First time to the Dogon country
Photographie argentique couleur, dimensions variables, 2008
De la série Supertouriste
Légende : Le touriste photographie un vendeur de souvenirs dans sa boutique portant un masque "traditionnel".

             

The proof
Photographie argentique noir et blanc et proposition de cadrages, tirage original 10x15cm, 2008
De la série Supertouriste

"Pour fabriquer une preuve comme un supertouriste, il faut photographier en noir et blanc une situation qui semble exotique. Par exemple, cette photographie argentique des funérailles traditionnelles d’un ancêtre à la mode Dogonne. La légende annotée au dos du cliché ne l’indique pas, mais l’opérateur qui m’a offert le cliché me l’a décrit comme étant les funérailles de son grand- père. On y voit des sagaies, des tambourins, des hommes à la peau noire, un sol en terre battue, bref, on est bien en Afrique.

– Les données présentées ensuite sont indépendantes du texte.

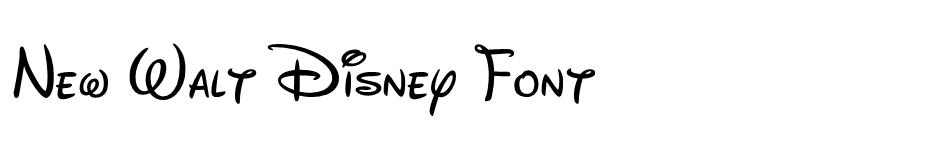 New Waltograph - Walt Disney font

Deuxième cadre pour un deuxième niveau de lecture. Deux nouveaux personnages apparaissent sur la droite. On aperçoit maintenant en garçon en avant-plan qui est revêtu d’un short. Nouveau contexte, le short indique que nous ne sommes plus à la grande époque ethnologique des Dogons mais plutôt en fin de vingtième siècle. À une époque où les jeunes africains portent des shorts, des rituels traditionnels continuent donc de se produire.

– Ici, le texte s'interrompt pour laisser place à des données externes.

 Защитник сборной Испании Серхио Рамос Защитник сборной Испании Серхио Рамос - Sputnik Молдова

Troisième cadre, troisième niveau de lecture. L’image me dérangeait, ce touriste asiatique au bord de l’image à droite faisait tache dans cette cérémonie traditionnelle. Elle complexifiait le discours, on devait s’interroger sur les questions de la représentation, du théâtre ethnologique, du tourisme, de la véracité des informations proposées par l’opérateur et par sa légende. Il va de soi que tout supertouriste qui se respecte présentera à sa communauté le premier cadre plutôt que le troisième".